## TASK GOAL
Restate word for word the part of the material that runs from the line containing "社交平台APP设计宣传片视频政府机构logo商标志设计" through its final line, inclusive, minus the pictures.

## AVAILABLE DATA
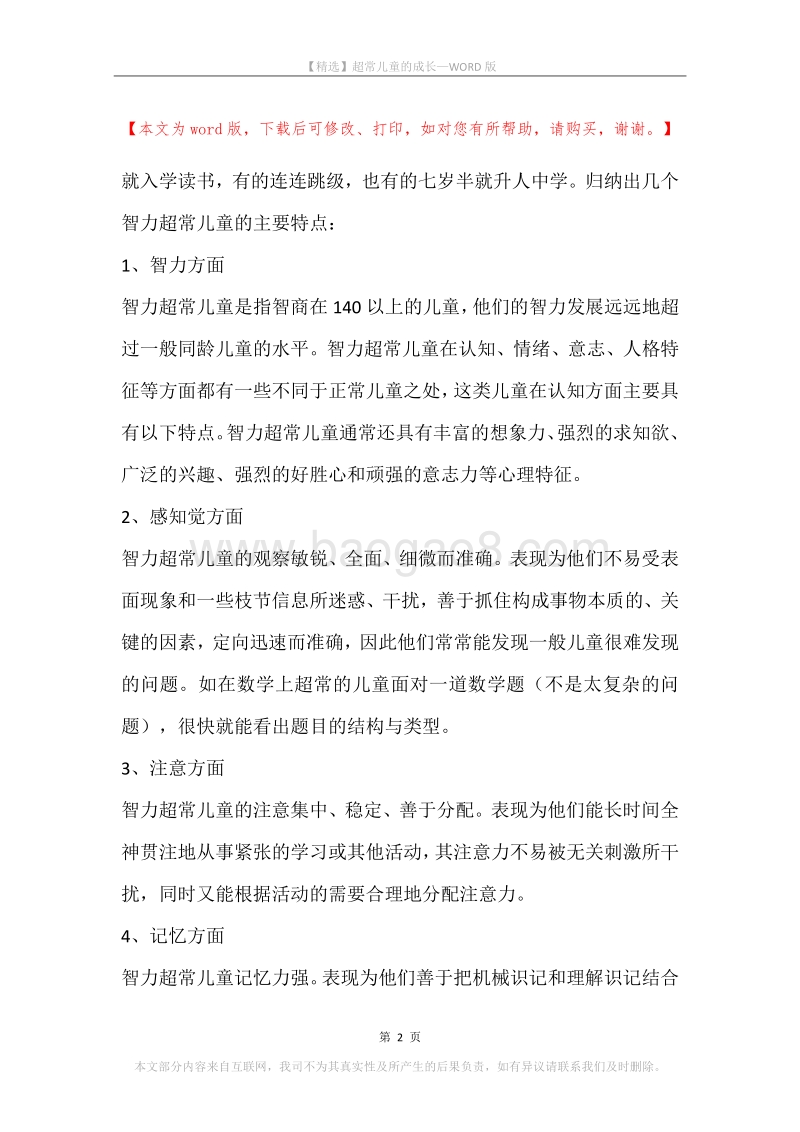 超常儿童的成长.docx_第2页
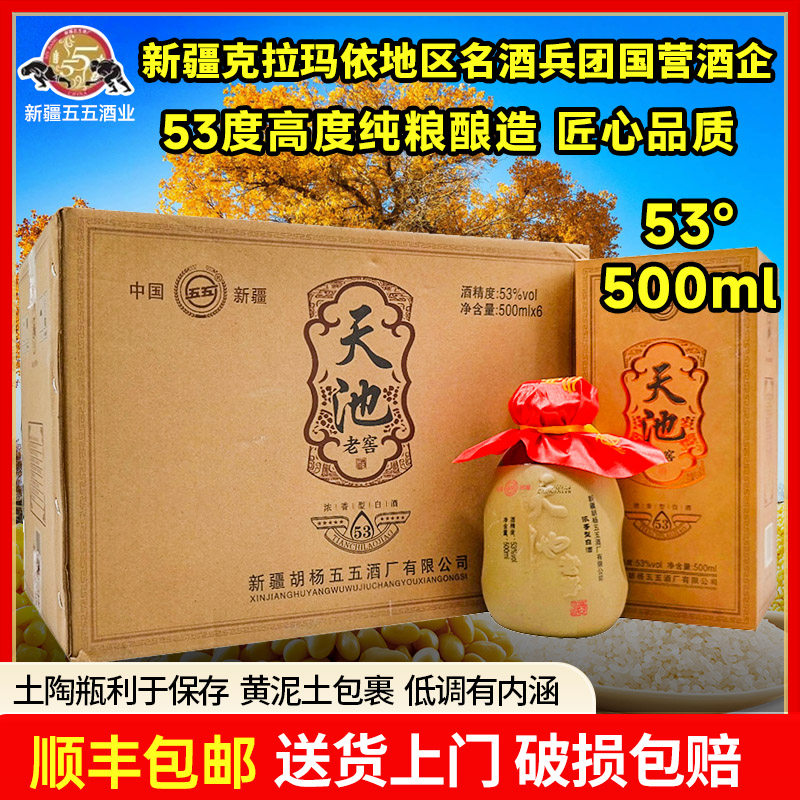 五五白酒天池老窖53度500毫升大土陶浓香型纯粮固态发酵国有企业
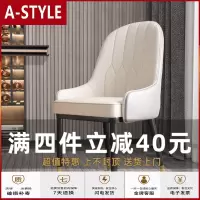 苏宁放心购北欧轻奢餐椅简约现代网红椅子家用餐厅桌椅美甲靠背洽谈椅麻将椅A-STYLE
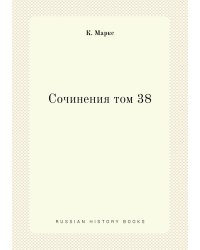 Сочинения том 38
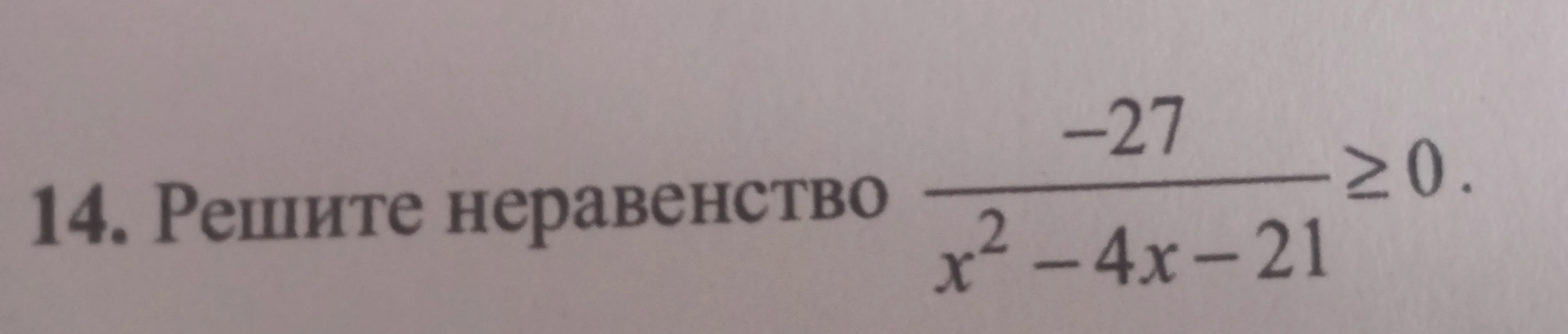 14. Решите неравенство -27 / (x^2 - 4x - 21) >= 0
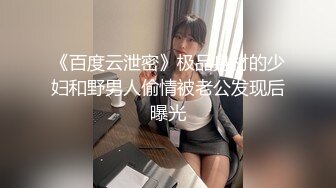 黑丝人妻的诱惑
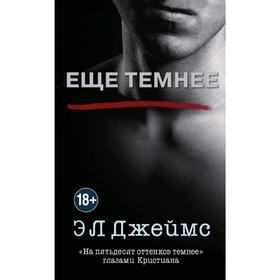 

Еще темнее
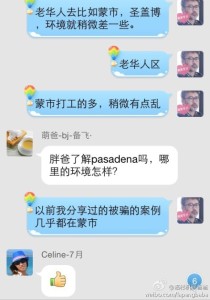 a8a11ba9jw1egfyz88k58j20hs0pbwhi 210x300 - 生美籍宝宝的孕妈们在群里可真是热闹，看来在美国的生活挺滋润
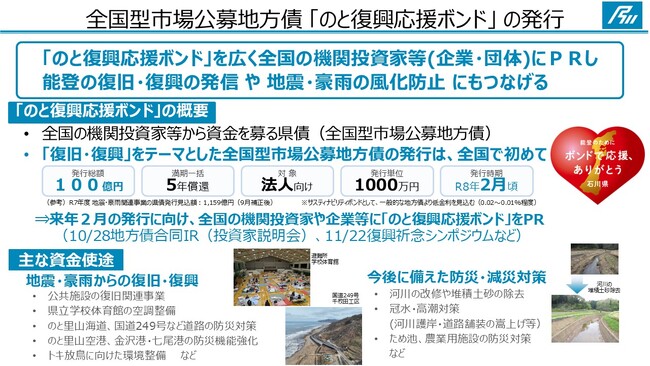 全国型市場公募地方債「のと復興応援ボンド」を発行します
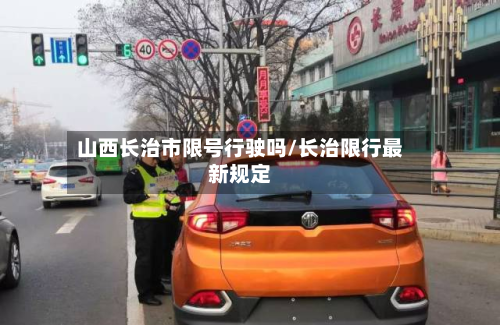 山西长治市限号行驶吗/长治限行最新规定-第3张图片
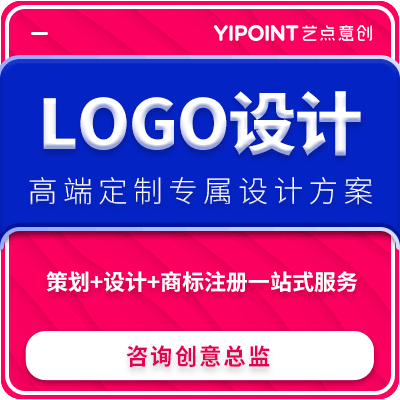 社交平台APP设计宣传片视频政府机构logo商标志设计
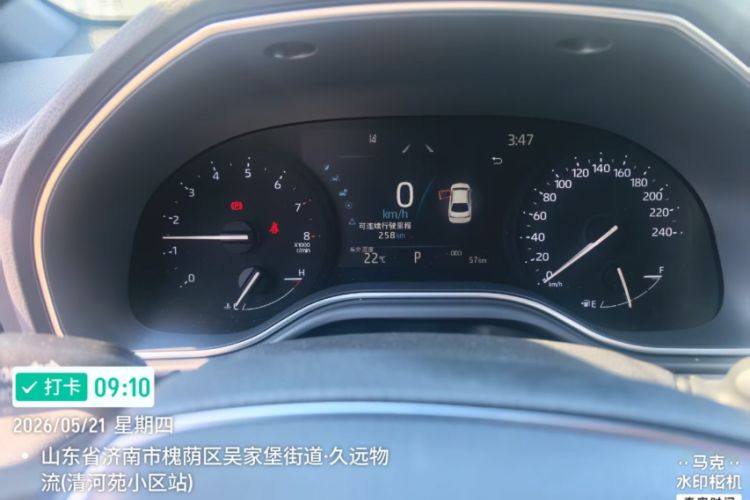 Used Toyota Avalon 2023 2.0L Progressive Edition Odometer Close Up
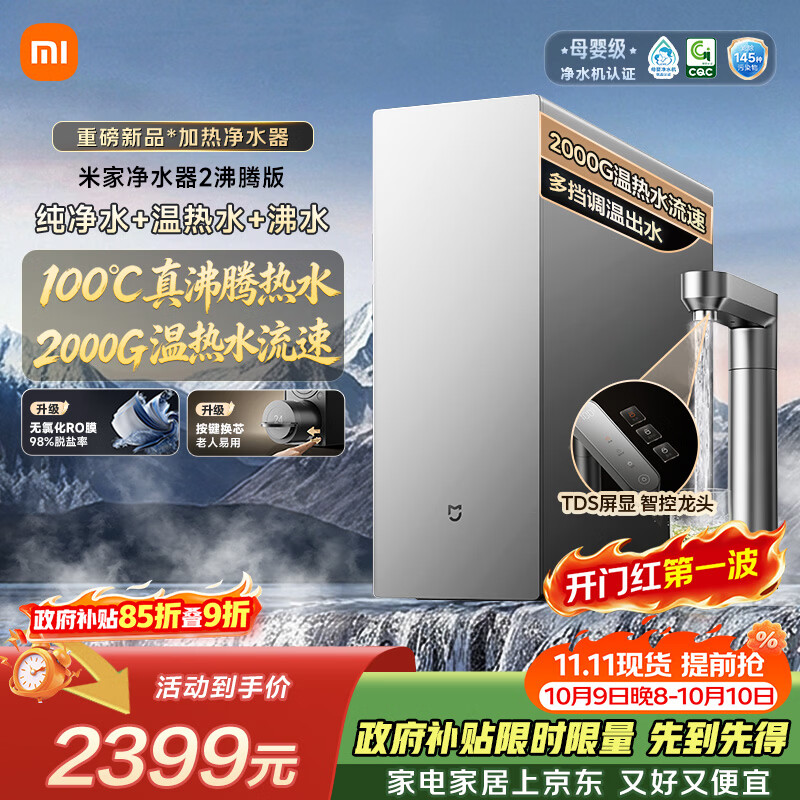 米家 MR1212R 沸腾版加热直饮 RO反渗透纯水机 1868.81元 - 清风线报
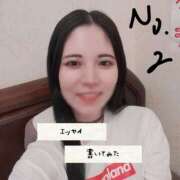 ヒメ日記 2025/07/06 12:37 投稿 あかね ハピネス東京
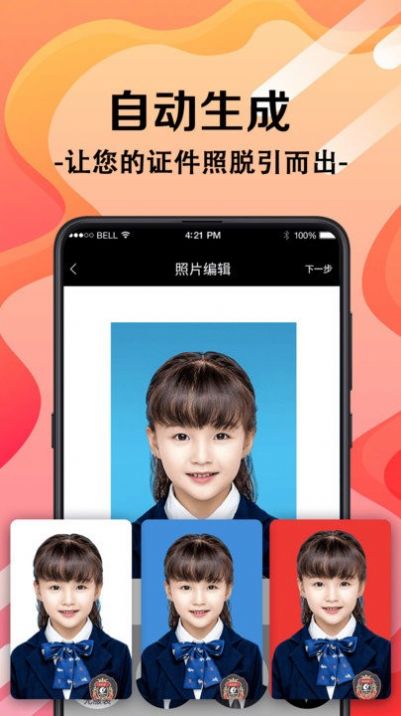 证件照片软件app图1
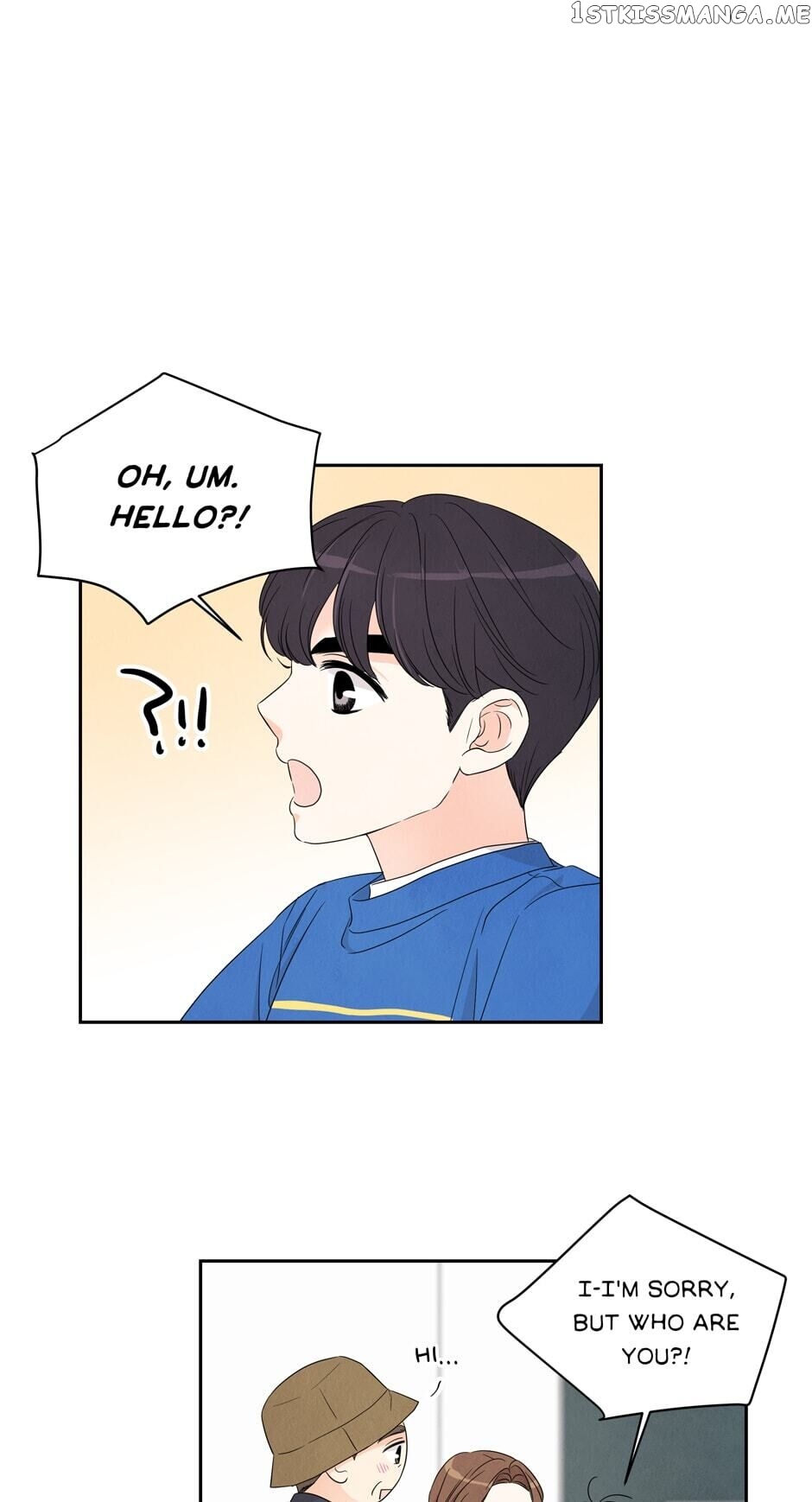 I Want To Do It, Even If It Hurtsa chapter 72 - page 13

## WRITTEN RESPONSE
 社交平台APP设计宣传片视频政府机构logo商标志设计
 Used Toyota Avalon 2023 2.0L Progressive Edition Odometer Close Up
 米家 MR1212R 沸腾版加热直饮 RO反渗透纯水机 1868.81元 - 清风线报
 ヒメ日記 2025/07/06 12:37 投稿 あかね ハピネス東京
 证件照片软件app图1
 I Want To Do It, Even If It Hurtsa chapter 72 - page 13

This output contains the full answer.